Архетип Трикстера, трюкача, лицедея, выразителя смеховой культуры, смещающего чувство значимости, то есть и сознание своего спутника – творца и культурного героя, подробно разобран в книгах одного из соавторов, к которым мы и отсылаем заинтересованного читателя. Среди древних богов, покровительствующих изворотливому, творческому мышлению – Гермес, Меркурий, Один… Кто не знает историй хитроумного Одиссея, бродячих сюжетов с неунывающим Ходжой Насреддином, шванки бродяги Уленшпигеля! (Гаврилов, 2006; Гаврилов, 2009).
ВОПРОС № 99Помните, в лета не столь отдалённые был у нас один президент, который озаботился специальным законом о защите своей чести и своего достоинства от посягательств со стороны народа?
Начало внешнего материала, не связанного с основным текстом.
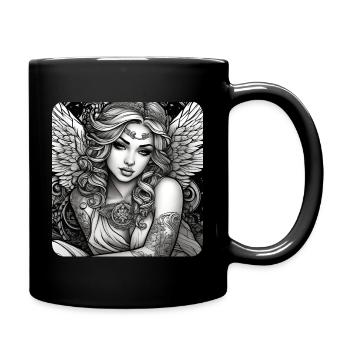 Ange mignon avec des tatouages - Mug uni - noir - Droite
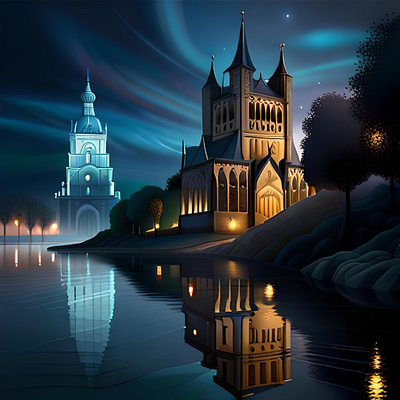 Mysterious city 5 3d art color design digital illustration painting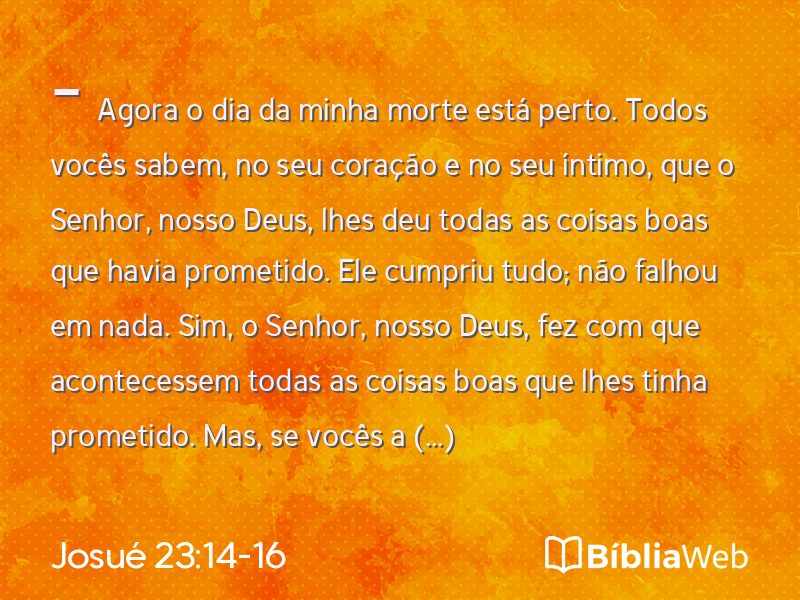 Josué 23:14-16 em imagem para compartilhar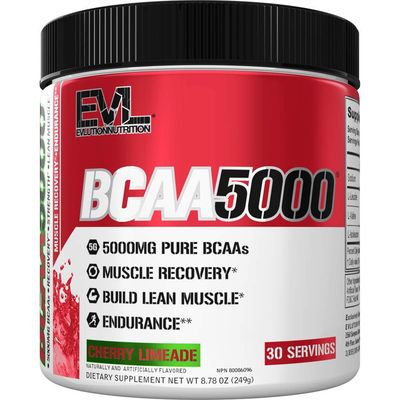 Evlution EVL BCAAs Amino Acids Powder - BCAA Powder Post Workout Recovery Drink and Stim Free Pre Workout Energy - 5g Branched Chain Amino Acids Supplement for Men - Cherry Limeade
А это тоже абсолютно документальная история. В начале XIX века русскому императору принесли на подпись дело по доносу на дворянина Афанасия Булгакова, который малопристойно повел себя в публичном месте. Во время застолья – в кабаке – плюнул на портрет императора.
Каков же был по такому случаю указ государя-императора, если учесть, что прежние цари понимали толк в указах?
ВОПРОС № 100«И сказал Бог: да будут светила на тверди небесной [для освещения земли и] для отделения дня от ночи, и для знамений, и времен, и дней, и годов; и да будут они светильниками на тверди небесной, чтобы светить на землю. И стало так. И создал Бог два светила великие: светило большее, для управления днём, и светило меньшее, для управления ночью…» (Бытие, гл. 1, стихи 15–16).
Почему же Козьма Прутков на вопрос, что полезнее, солнце или месяц, вполне креативно отвечал – месяц.